Human readable source code is input into the compiler pipeline …

package main
import "fmt"
def ch 5
func main() {
    defint i 42
    fmt.Printf("Hello World channel=%d i=%d\n", ch, i)
}

pass 1 - semantic gathering of scope info

⎡ s0 ⎤
  package main
  import "fmt"
  def ch 5
  func main()
    ⎡ s1 ⎤
      defint i 42
       fmt.Printf("Hello World channel=%d i=%d\n", ch, i)
    ⎣ s1 ⎦
⎣ s0 ⎦

N.B. - braces are now syntactic noise and have been removed

pass 2 - semantic gathering of package info

⎡ s0 ⎤
⟪+ name="main",kind=package,scope=package,value=?⟫
import "fmt"
def ch
func main()
  ⎡ s1 ⎤
    defint i 42
     fmt.Printf("Hello World channel=%d i=%d\n", ch, i)
  ⎣ s1 ⎦
⎣ s0 ⎦

pass 3 - semantic gathering of function info

⎡ s0 ⎤
⟪+ name="main",kind=package,scope=package,value=?⟫
import "fmt"
def ch
⟪+ name="main",kind=function,scope=subroutine,value=??,number-of-formals=0,formals=❲❳⟫
  ⎡ s1 ⎤
    defint i 42
     fmt.Printf("Hello World channel=%d i=%d\n", ch, i)
  ⎣ s1 ⎦
⎣ s0 ⎦

N.B. If the function had more than 0 formal parameters, I guess each one would eventually be replace by a data descriptor (like, below in “semantic gathering of variables info”)

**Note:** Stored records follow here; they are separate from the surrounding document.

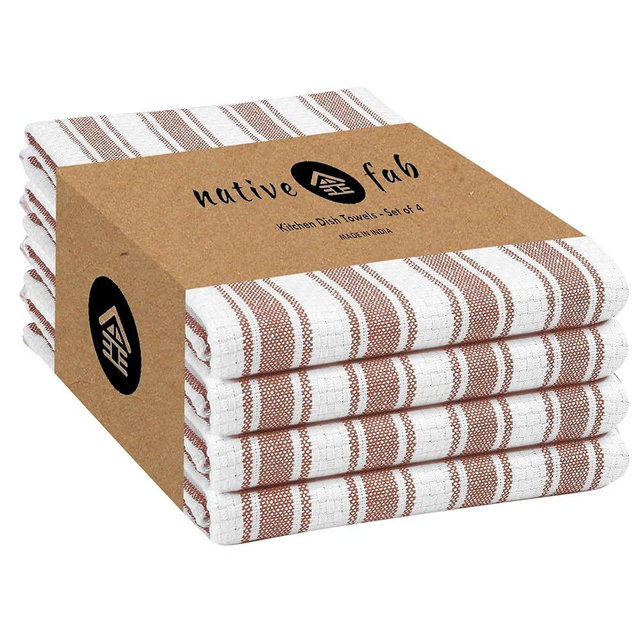 Native Fab Stripe Kitchen Towels - 100% Cotton - 4 Pack - 16"x26" - Striped Tea Towel, Dish Cloths for Drying Dishes, Absorbent, Quick Dry Towels Set with Hanging Loop - Rust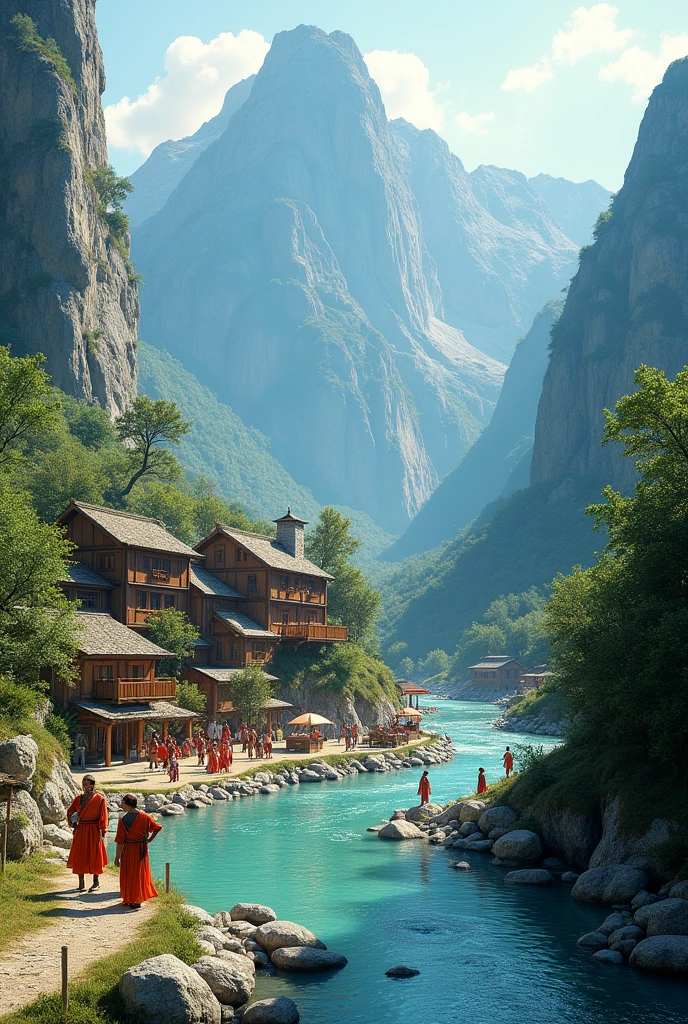A 3D render of landscape view the village at the middle of the mountain and the villager hanging around beside of River and it's on stoneworld with traditional people and village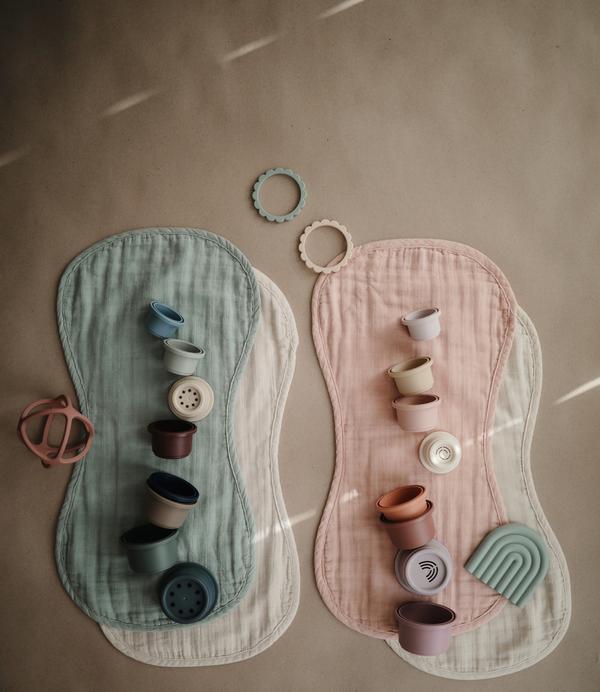 2-Pack Muslin Burp Cloth - Roman Green/Fog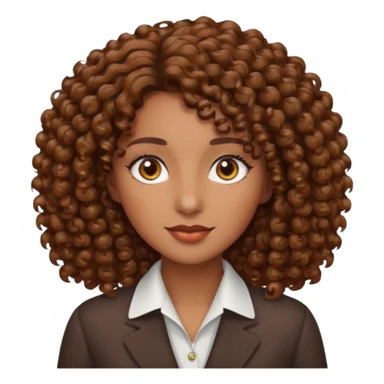 professional, curly broen lady with ghazel eyes sticker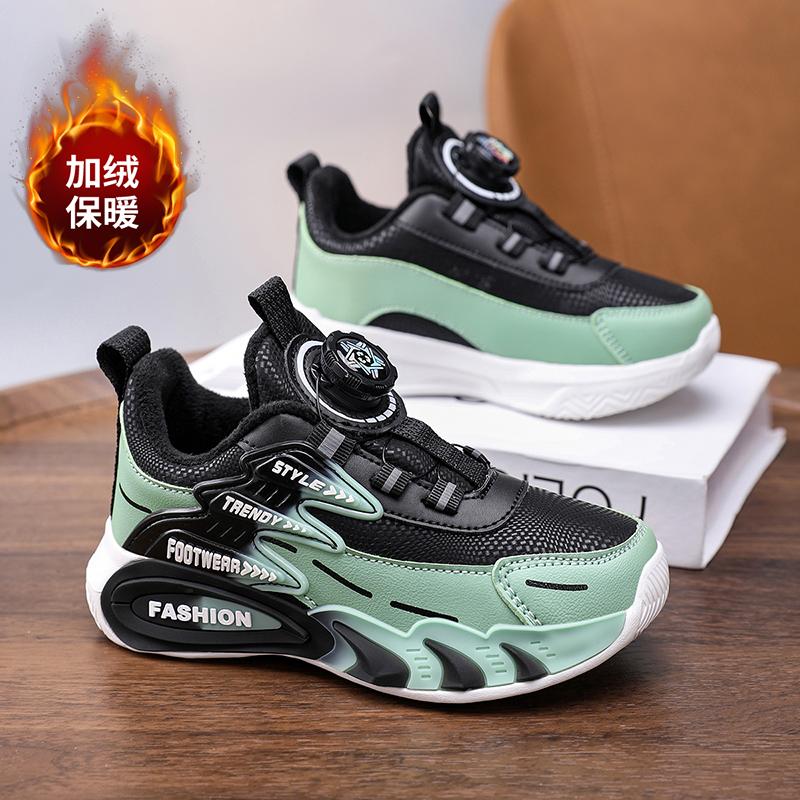 Winter Children Shoes Warm Boys Sneaker Luxury Plush Kids Snow Cotton Sneaker Casual Sports Walking Shoes for Boy 4-10Y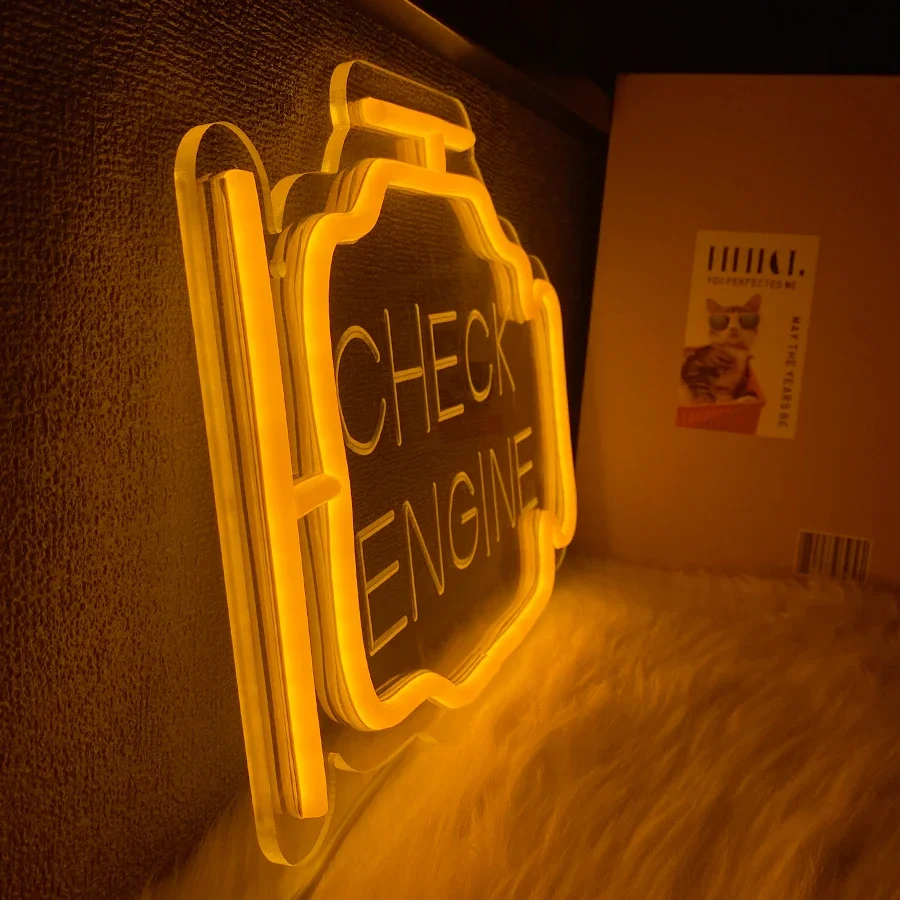 3D Carved Icon, Used For Bedroom, Garage, Game Room, Auto Repair Shop Art Decor, Father'S Day Gift,Check Engine Led Neon Sign. gallery 4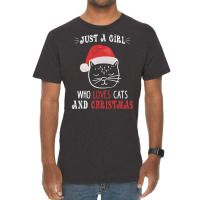 Just A Girl Who Loves Cats And Christmas Vintage T-shirt | Artistshot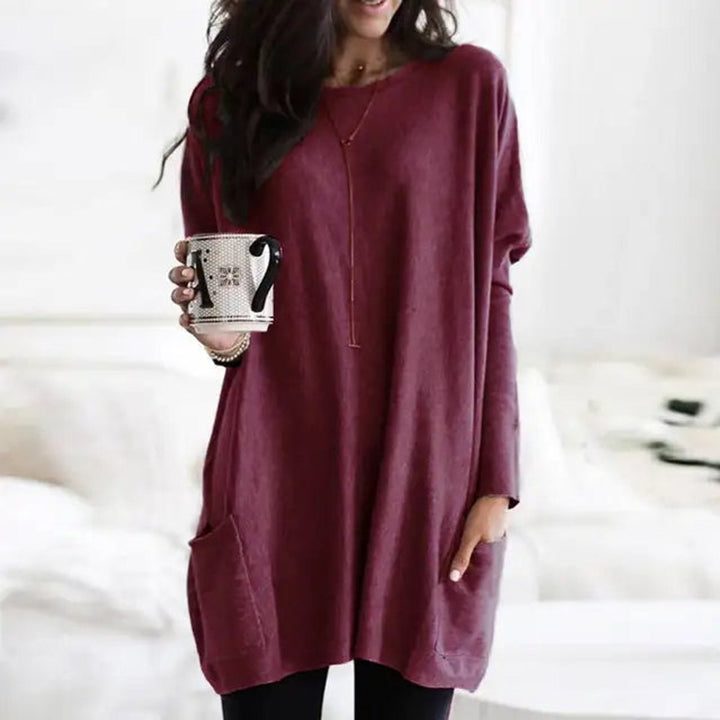 Effortless Oversized Tunic for Women with Crew Neck Long Sleeve Patch Pocket Relaxed Style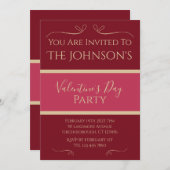 Valentinstag Party Einladung Burgundy Pink Gold (Vorne/Hinten)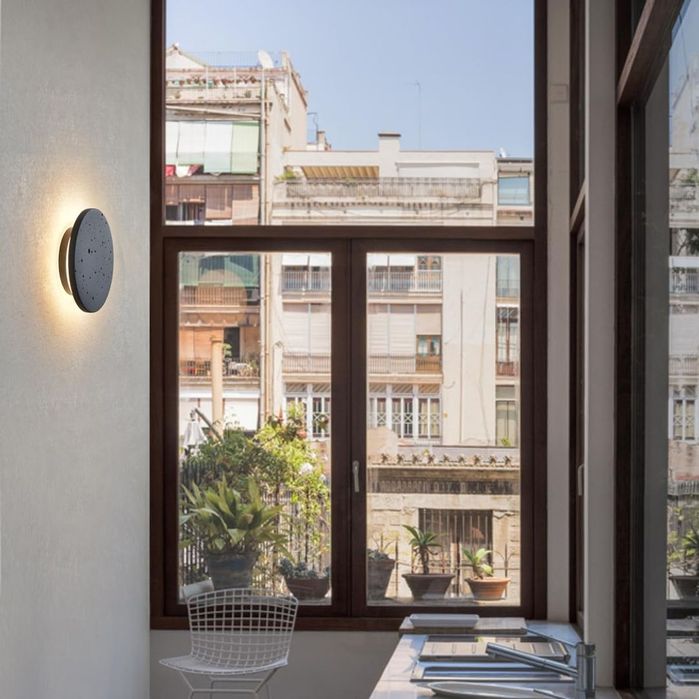 Aplică LED Perete din Beton Negru 8W – Lumină Caldă 3000K, Design Modern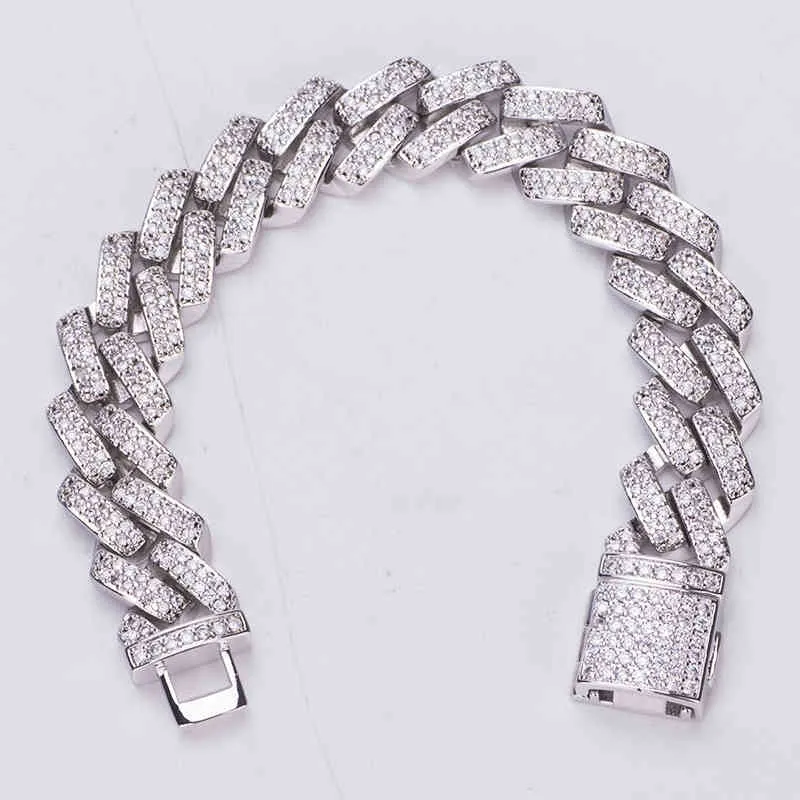 14mm hip hop aaa cz zircon sten asfalterad bling iced out fyrkantig curb kubansk miami länk kedja armband armband för män rapper smycken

pass 4 - semantic gathering of variables info

⎡ s0 ⎤
⟪+ name="main",kind=package,scope=package,value=?⟫
import "fmt"
⟪+ name="ch",kind=channel,scope=global,value=5⟫,
⟪+ name="main",kind=function,scope=subroutine,value=??,number-of-formals=0,formals=❲❳⟫
  ⎡ s1 ⎤
     ⟪+ name="i",kind=int,scope=s1,value=42⟫)
     fmt.Printf("Hello World channel=%d i=%d\n", ch, i)
  ⎣ s1 ⎦
⎣ s0 ⎦

Comment: I don’t know what to do with the import information, I haven’t thought about this nor tested it. Actually building and using this stuff will probably require changes. Maybe imports cause another file to be pasted in?

pass 5 - semantic replacement of variables

⟪+ name="main",kind=package,scope=package,value=?⟫
import "fmt"
⟪+ name="main",kind=function,scope=subroutine,value=??,number-of-formals=0,formals=❲❳⟫
     fmt.Printf(
       ⟪name="",kind=string,scope=s1,value="Hello World channel=%d i=%d\n",indirection=0⟫,
       ⟪name="ch",kind=channel,scope=global,value=5,indirection=1⟫,
       ⟪name="i",kind=int,scope=s1,value=42,indirection=1⟫
    )

N.B. variable refs now contain indirection level, kinda like * in C, where 1 means “normal”, 0 means constant, 2 means indirect once (*var), 3 means indirect twice (**var) and so on. Normal indirection is 1 - i.e. suck value out of memory location.

N.B. The scoping brackets have been deleted - the required info has been embedded in the data descriptors

N.B. variable datadesc defs have been deleted - no longer needed. The other defs (package, function, etc.) should probably disappear, but I haven’t figured out the details.

pass NN - replacement of operations

⟪+ name="main",kind=package,scope=package,value=?⟫
import "fmt"
⟪+ name="main",kind=function,scope=subroutine,value=??,number-of-formals=0,formals=❲❳⟫
     š "fmt.Printf" number-of-args=3
	     (
	       ⟪name="",kind=string,scope=s1,value="Hello World channel=%d i=%d\n",indirection=0⟫,
	       ⟪name="ch",kind=channel,scope=global,value=5,indirection=1⟫,
	       ⟪name="i",kind=int,scope=s1,value=42,indirection=1⟫
	    )

pass MM - transpile to code

[tbd]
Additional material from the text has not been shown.